Over the last 5 years IT Group has seen a significant increase in the number of instructions relating to intellectual property theft.
Increasingly we are deploying techniques over and above the basic test of whether or not in our opinion two pieces of code are substantially the same, whether one derived from the other or whether they contain shareware available in the public domain.
Those techniques include the analysis of “white space”, the investigation of the potential theft process (email, FTP, USB, dropbox, p2p etc.), the analysis of circumvention techniques and forensic dating – which came first?
This short article discusses these techniques and how they apply to the available legislation – the Copyright, Designs and Patents Act 1988 (“the Act”) and the amendments arising from the EU Copyright Directive.
While the ultimate test is the application of one or more measures offered by the Act, the uncovering of the tracks to show that the original work was stolen, removed, or copied often provides very persuasive supporting evidence.
“White Space” Analysis
White space is the term used to describe the regions of a document portrayed on a computer screen as empty. These include margins, tabs, spaces and everything after a carriage return. All have the same look – nothing there, hence the expression white space. Most human software creators, in common with anyone who types a document, will exhibit some degree of inconsistency when typing.
Modern accepted typing standards require a single space after a full stop. Previous standards usually called for two spaces.There is no requirement for a space (or two) before a carriage return but often coders and typists will inadvertently include a space before the carriage return – but crucially not consistently. The effect is to give a piece of typed script (a software program perhaps) a hidden fingerprint.
To the casual observer, two pieces of typed script may look identical.
Using simple techniques such as turning on the “display paragraph marks” in Word for example [Ctrl + *], it is easy to analyse two seemingly identical pieces of typed script to check them at a different level.
This technique comes into its own when software has been disguised – re-written after copying to look different but actually to do the same thing and based on the same code.

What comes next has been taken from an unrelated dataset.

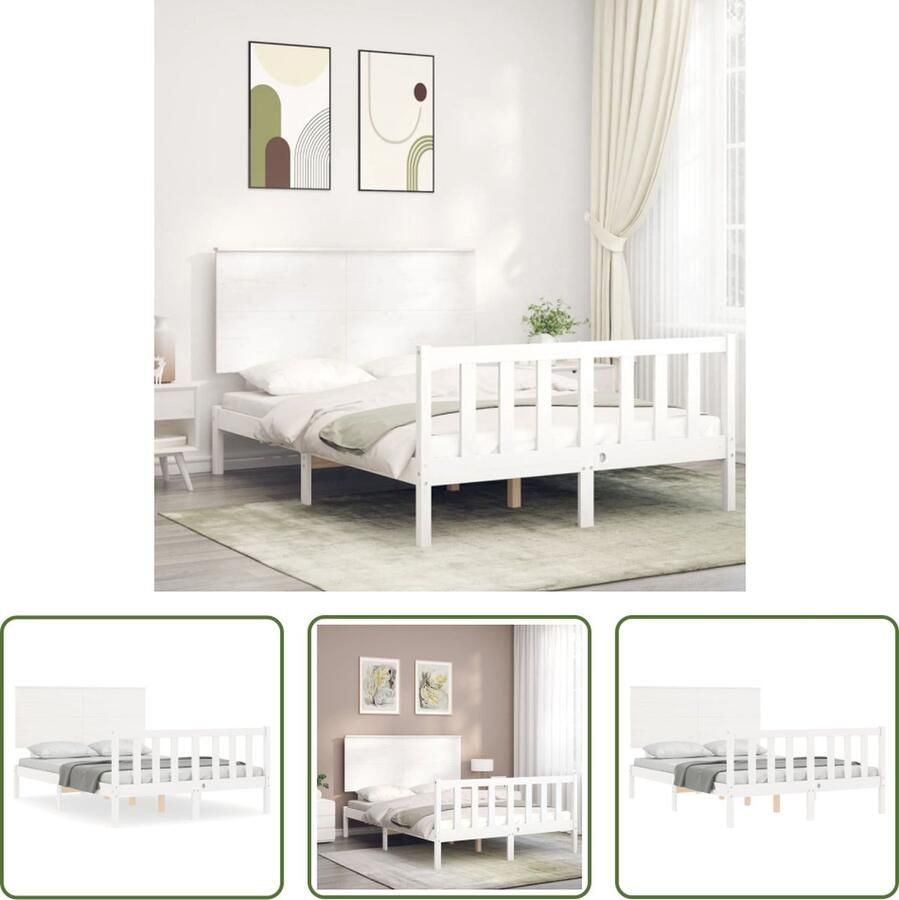 The Living Store Bedframe met hoofdbord massief hout wit 140x200 cm Bedframe Bedframes Bed Tweepersoonsbed Slaapkamermeubel Houten Bedframe Houten Bed Bedbodem Massief Houten Bedframe Ledikant Bedframe Met Hoofdeinde - Foto 2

The pseudo-random white space format can often quickly establish strong evidence of direct copying rather than a possible claim for a complete rewrite using the software developers “tool-kit”.
Forensic IT Analysis
At IT Group we have developed tools and techniques that are able to analyse millions of emails very rapidly looking for patterns and identifying when attachments were first included and to whom they were subsequently forwarded.
In combination with other simple forensic techniques such as time-line analysis (software is often emailed out of a company outside the core business day) and content analysis - emails with stolen software attached rarely have any basic content; one case was solved by searching for “smiley face” emoticons.

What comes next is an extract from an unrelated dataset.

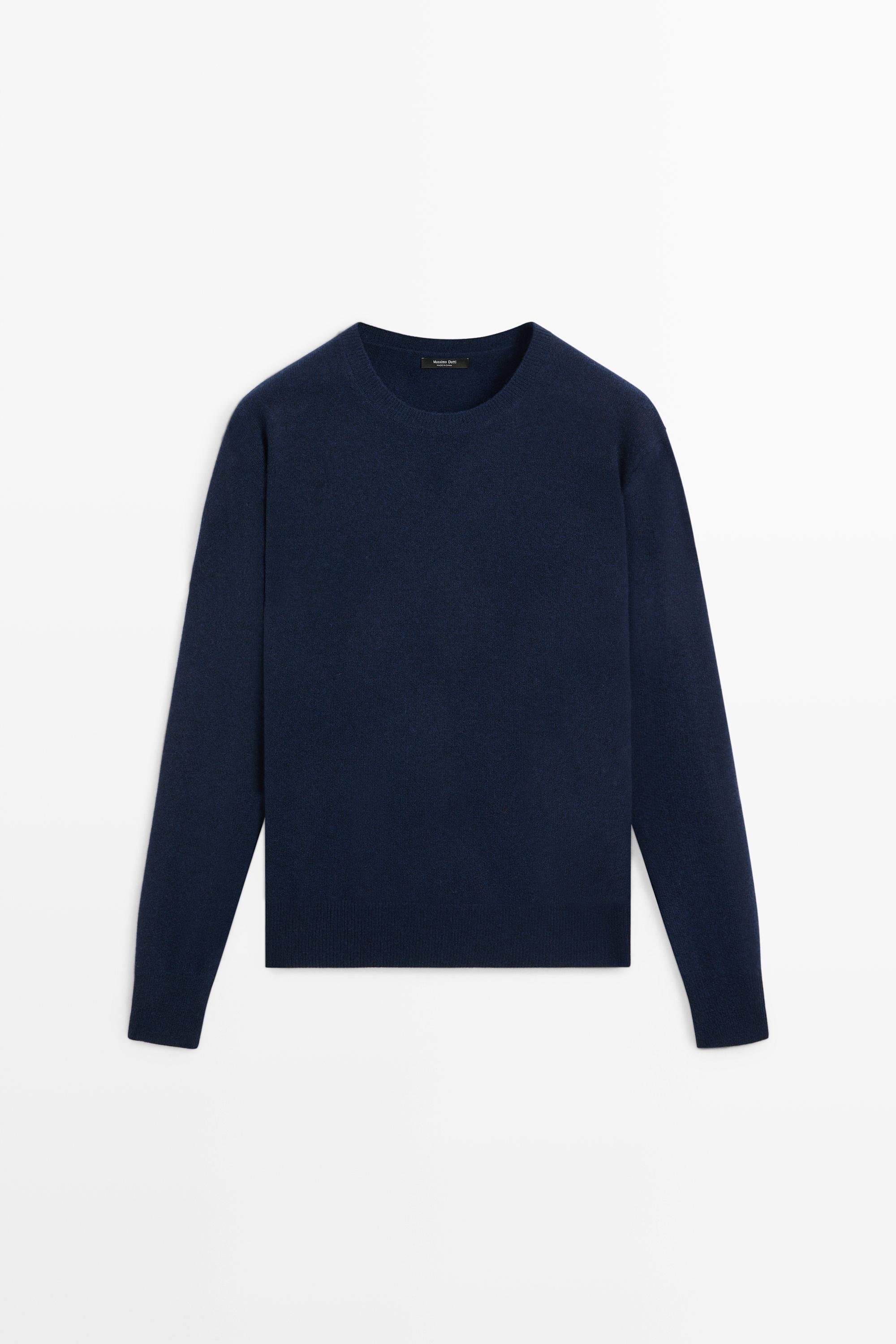 Wool blend knit sweater with round neck
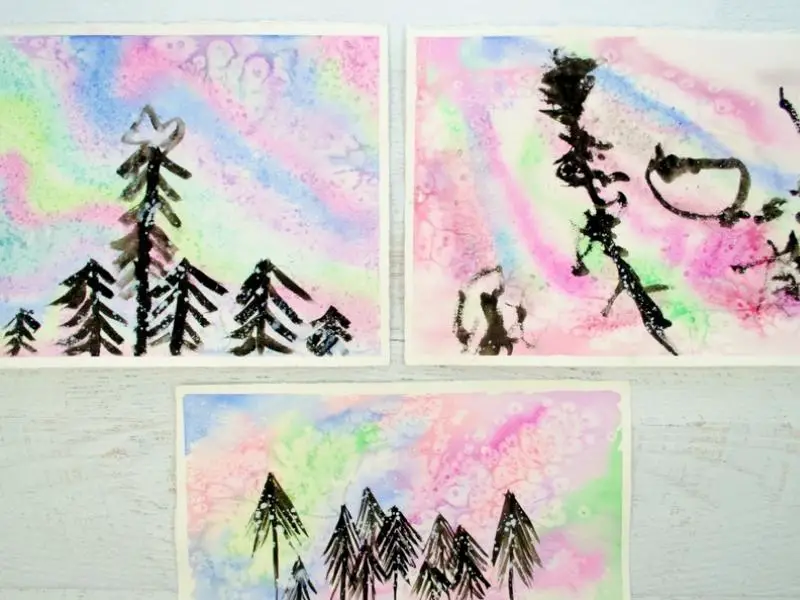 Northern Lights Watercolor Painting for Kids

The offending email with the software attached simply said “Here you go ☺”.
Tools exist that analyse when a USB stick was introduced to a PC or laptop and then time line analysis of file activity can quickly align the copying of files and the use of the USB stick.

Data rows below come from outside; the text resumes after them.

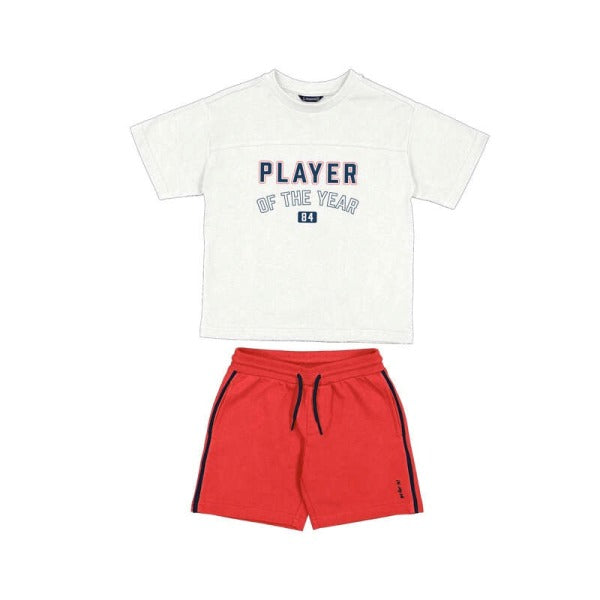 NUOVO ARRIVO 
COORDINATO MAYORAL BAMBINO IN COTONE BIANCO E ROSSO
3608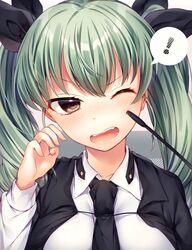  ! anchovy_(girls_und_panzer) anzio_school_uniform black_ribbon blush brown_eyes commentary_request female girls_und_panzer green_hair hair_ribbon highres long_hair ntk_(7t5) one_eye_closed open_mouth ribbon school_uniform solo speech_bubble spoken_exclamation_mark twintails wince 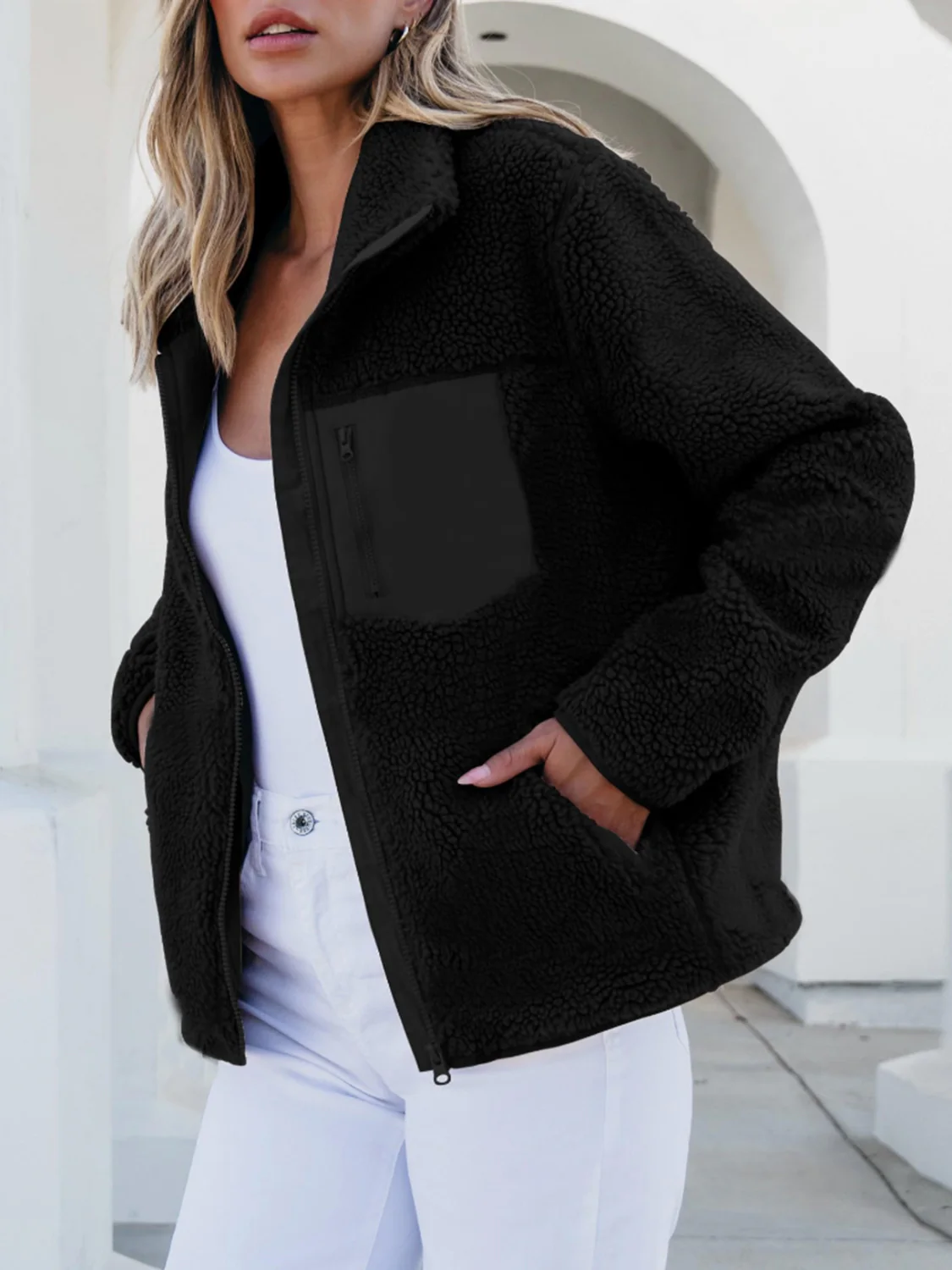 Zip Up Long Sleeve Plush Jacket - Image 14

Many larger corporations routinely include copy protection measures in their software. This is particularly common (and necessary) in sectors such as video games. Products frequently find their way on to the market that purport to offer enhancements to games or to offer the means to use a gaming console for other purposes but often are really marketed to provide circumvention methods enabling people to copy games illegally.
Analysis of the functions of such products can be challenging and often requires a detailed knowledge of the underlying software and electronics which typically is not available from the manufacturer and therefore has to be derived by reverse engineering.
Which piece of software came first is a very powerful piece of evidence if it can be reliably established. In a real-life case I was instructed in some time ago, a final year student was threatened with being discharged from his university because anti-plagiarism software had detected copying. He claimed that his work had been copied but he had handed his work in after another student who he claimed had asked to see his work as he was struggling with the assignment.
A full forensic analysis of the student’s laptop recovered several deleted drafts of the student’s work over the preceding weeks proving he had created the original. The other student was discharged from the University.